Picture a hand-selected movie, in my case, The Great Gatsby, projected on your own private beach under a Maldivian sky bursting with stars. The chocolate fondant cake your butler has placed beside you, which has been personally delivered to your villa by the hotel’s pastry chef, is illuminated by a scattering of candles that have been set up across the sand. You bite into the gooey cake, still full from the 5-course barbecue of local fare you’ve indulged in, as a private acoustic guitar player serenades your meal.
Operated by LVMH Hotel Management, a division of luxury fashion empire Louis Vuitton Moët Hennessy, the one-year-old Cheval Blanc Randheli, located on Noonu Atoll, a 40-minute seaplane ride north of the capital of Malé, is in the business of making dreams a reality, as I recently lived out during my three-night stay at the luxury resort.
Before arriving on property, I’m sent a preference questionnaire, ranging in nature from my preferred chocolate (dark, milk, or white?), to whether I would favor foam or feather pillows on my villa’s bed.
Once on property, I enter a design lover’s haven, where fashion meets the humbling white shores and azure waters of the Maldives. If you’re looking for a kitschy tiki hut-inspired ambiance, you’ve come to the wrong resort. Rather, at Cheval Blanc, you’ll find materials of slate, marble, and subdued color palettes typical of the swankiest spots in Europe, Dior coffee table books, and customized Vincent Beaurin artwork within each of the 45 villas on property.
The interior design of the resort, devised by Jean-Michel Gathy, is a decadent work of cosmopolitan elegance. My 1,400 square-foot beach villa, with its seven-meter tall bamboo ceilings, automated home electronic system, two outdoor rain showers, Olympic-sized infinity-edge swimming pool, and taupe and yellow color palette, feels undeniably swanky but never stuffy, a graceful balance of form and function that allows me to feel like I’ve landed in a livable lap of luxury as opposed to a sterile design museum.
From the resort’s signature scent “Island Chic,” a blend of cardamom, rose, driftwood, and cedar, created exclusively for Cheval Blanc by Francois Demachy (Creative Director of fragrances for Christian Dior and Givenchy) to the ‘good night’ messages written nightly in the sandy driveway of my villa, by Musa, my assigned butler, who also packs and unpacks my bags upon arrival and departure, attention to detail is synonymous with the Cheval Blanc experience.

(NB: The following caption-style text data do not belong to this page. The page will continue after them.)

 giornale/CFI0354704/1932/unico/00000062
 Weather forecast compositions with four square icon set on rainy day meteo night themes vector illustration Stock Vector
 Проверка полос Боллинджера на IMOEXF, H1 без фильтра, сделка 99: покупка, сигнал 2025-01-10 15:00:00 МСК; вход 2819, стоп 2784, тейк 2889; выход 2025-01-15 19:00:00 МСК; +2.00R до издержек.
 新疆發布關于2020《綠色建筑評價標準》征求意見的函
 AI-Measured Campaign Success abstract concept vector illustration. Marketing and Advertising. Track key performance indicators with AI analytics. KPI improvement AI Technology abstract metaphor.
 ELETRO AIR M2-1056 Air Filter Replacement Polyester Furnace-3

Standout moments, although impossible to name them all, include dinner at Le 1947, where upon arrival, I’m greeted with a selection of cashmere scarves, as that evening happens to be on the brisker side and the restaurant staff is concerned that I might be cold. A 13-course gourmet dinner follows, with dishes such as the gold-leafed foie gras terrine with beetroot jelly and roasted veal sweetbread with truffle jus rivaling the world’s fashion capitals finest dining establishments.
Le 1947 is on the highest end of the spectrum of the five restaurants on property, which have all been created in collaboration with three-Michelin-star chef Yannick Alléno. Apart from in-room dining choices, there’s also the White contemporary brasserie; Diptyque, which offers Spanish and Japanese cuisine; Deelani fish restaurant, and Le Table de Partage, a private dining room that can be rented out by guests for special occasions.

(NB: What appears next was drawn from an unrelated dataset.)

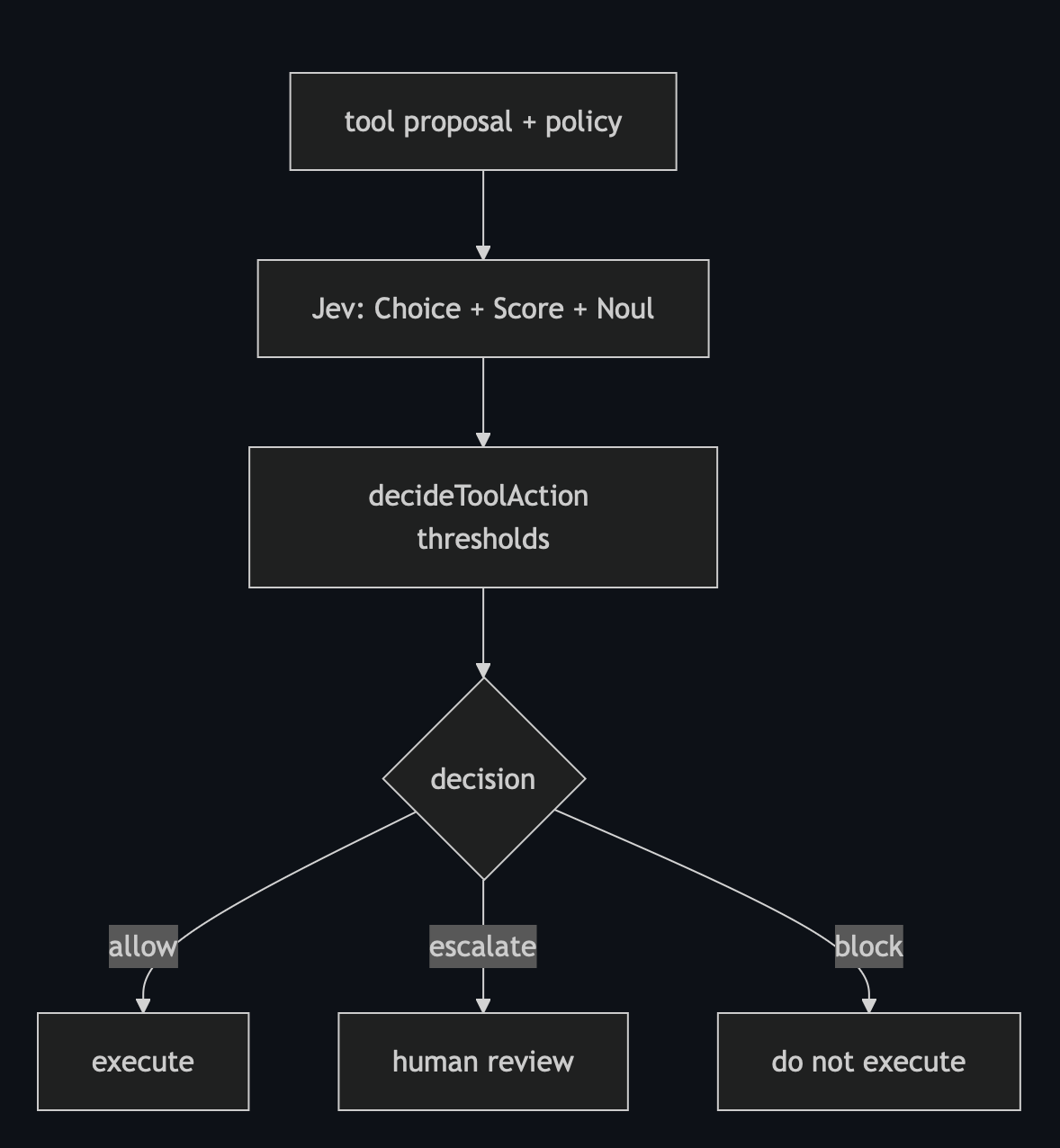 Tool risk gate architecture: Jev Choice Score and Noul into allow escalate or block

My days at Cheval Blanc are spent in the warm, crystal-clear waters of the Indian Ocean. I paddle board, jet ski, and work with Musa to arrange a snorkeling experience and picnic at a nearby deserted island. Speeding along the calm waters with my private guide, we encounter a family of dolphins that playfully swims beside our speedboat. On the white sand beaches of the island, after a morning of snorkeling in which I have the pleasure of seeing not one, but two sea turtles, I nibble on a picnic of fresh fruits, gluten-free (by special request) baked goods, and freshly squeezed grapefruit juice.

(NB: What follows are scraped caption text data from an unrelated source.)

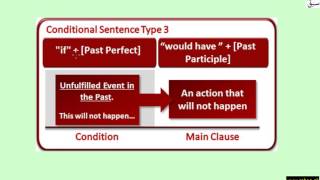 Conditionals-Type 1,2&3 (explanation with examples/fill blanks)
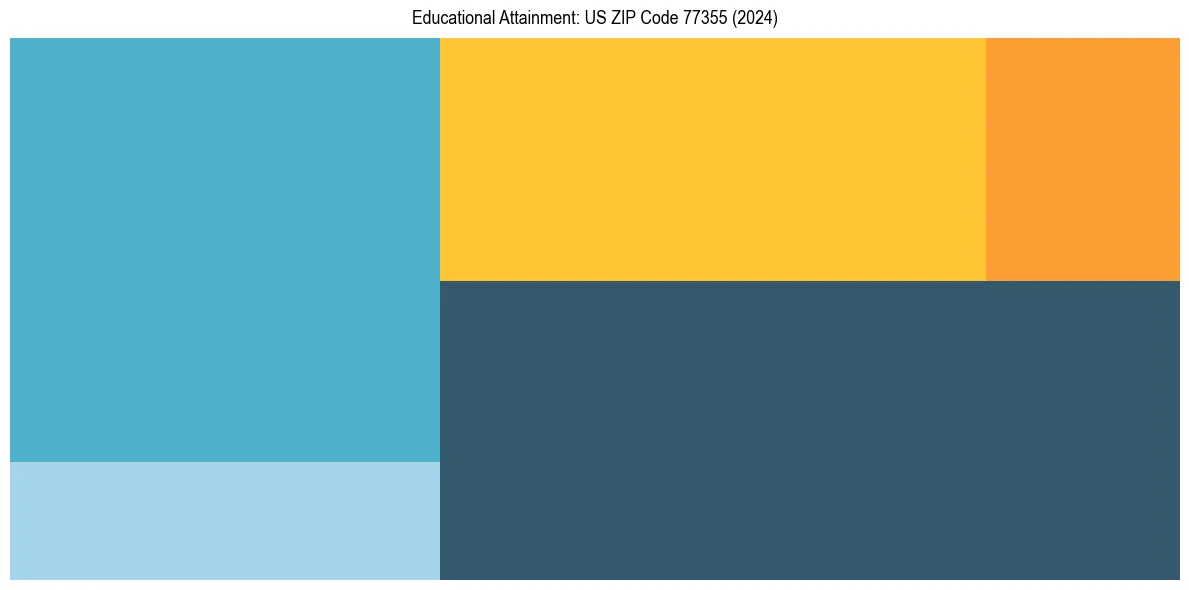 Education Treemap for  in 2024
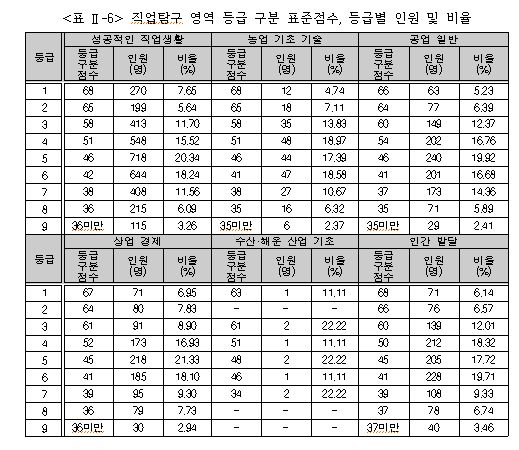 직업탐구 영역 등급 구분 표준점수, 등급별 인원 및 비율 (사진=한국교육과정평가원)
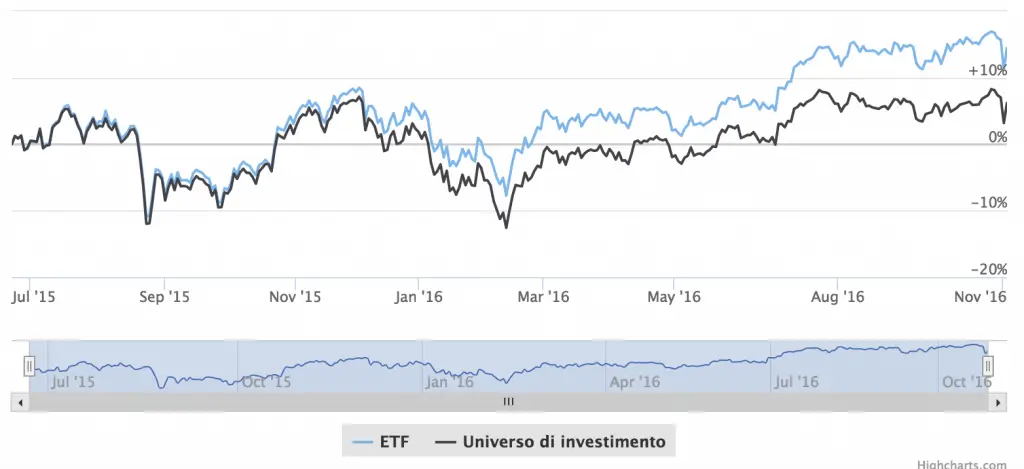 ETF Ossiam Shiller US Sector vs S&P 500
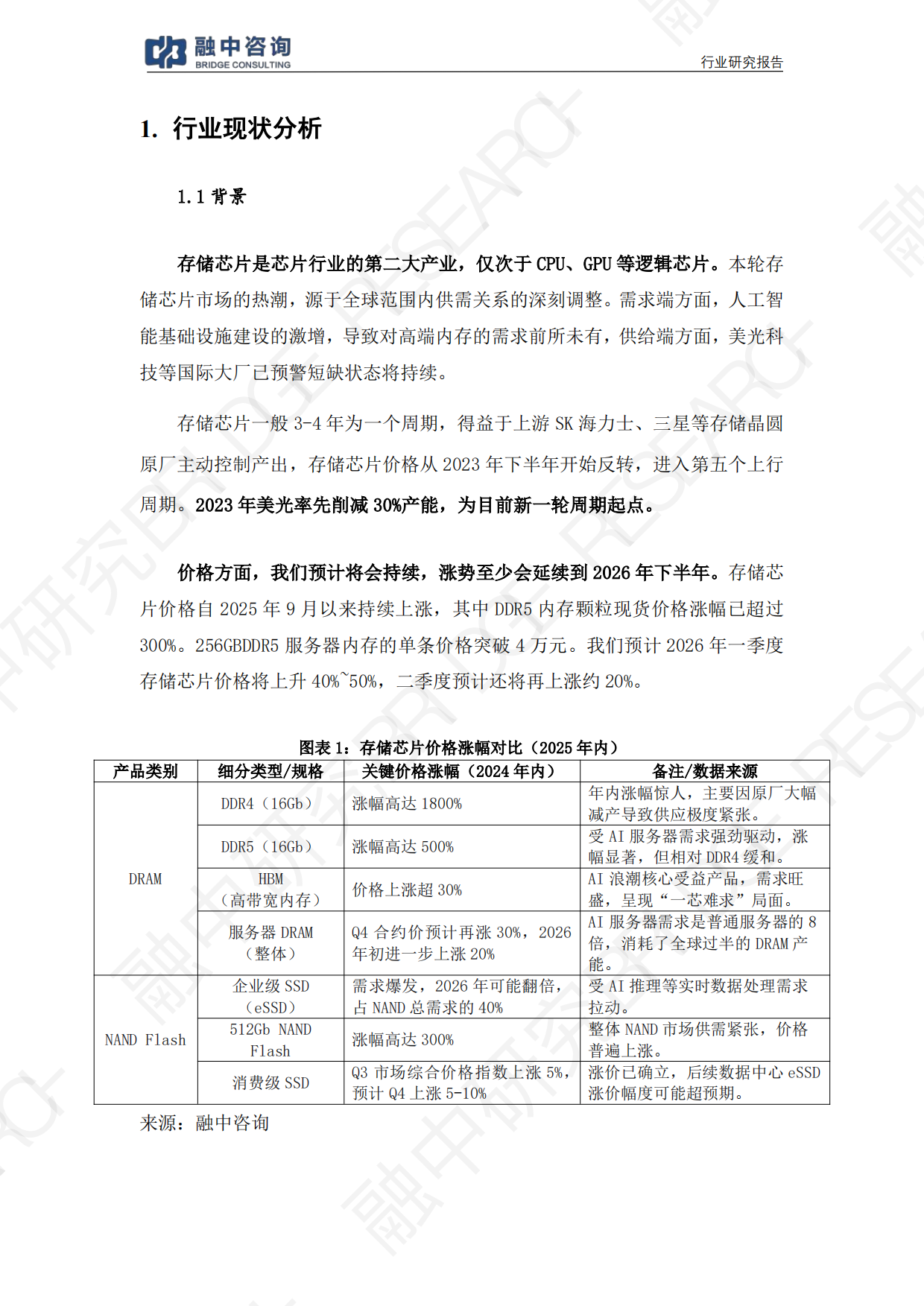 一文看懂产业链：2026存储芯片本轮涨价能走多远？-融中咨询.pdf_第3页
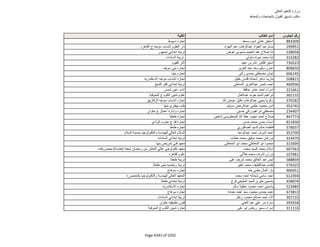 نتيجة تنسيق المرحلة الثانية للثانوية العامة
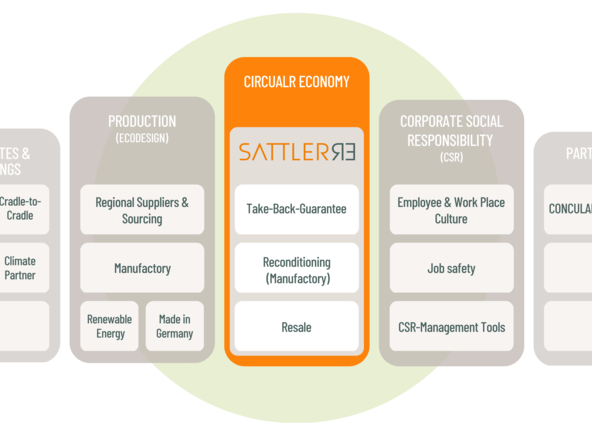 Overview graphic SATTLER sustainability in columns.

To unwind post-snorkeling, I visit the Cheval Blanc spa for an imperial relaxing massage and sunset yoga session. The spa, exclusively devised by Guerlain, is located on its own island, a three-minute sail away in one of the resort’s traditional dohani boats. It’s also replete with a beauty studio, barbershop, hammam, and meditation pavilion, where I find myself contorting into downward facing dog and exhaling my worries away while enjoying an upside down view of the turquoise horizon and blushing sunset.
I’m really only hit with the impact of my Cheval Blanc Randheli stupor post-stay. Upon arriving to Malé to check in for my flight back to Dubai, I’m told by the airline attendant that I will be unable to switch my seat from the window to the aisle chair. This, I realize, is the first time I’ve heard the word ‘no’ in four days. You see, ‘no’ just doesn’t exist at Cheval Blanc Randheli – which, if you ask me, is the definition of luxury.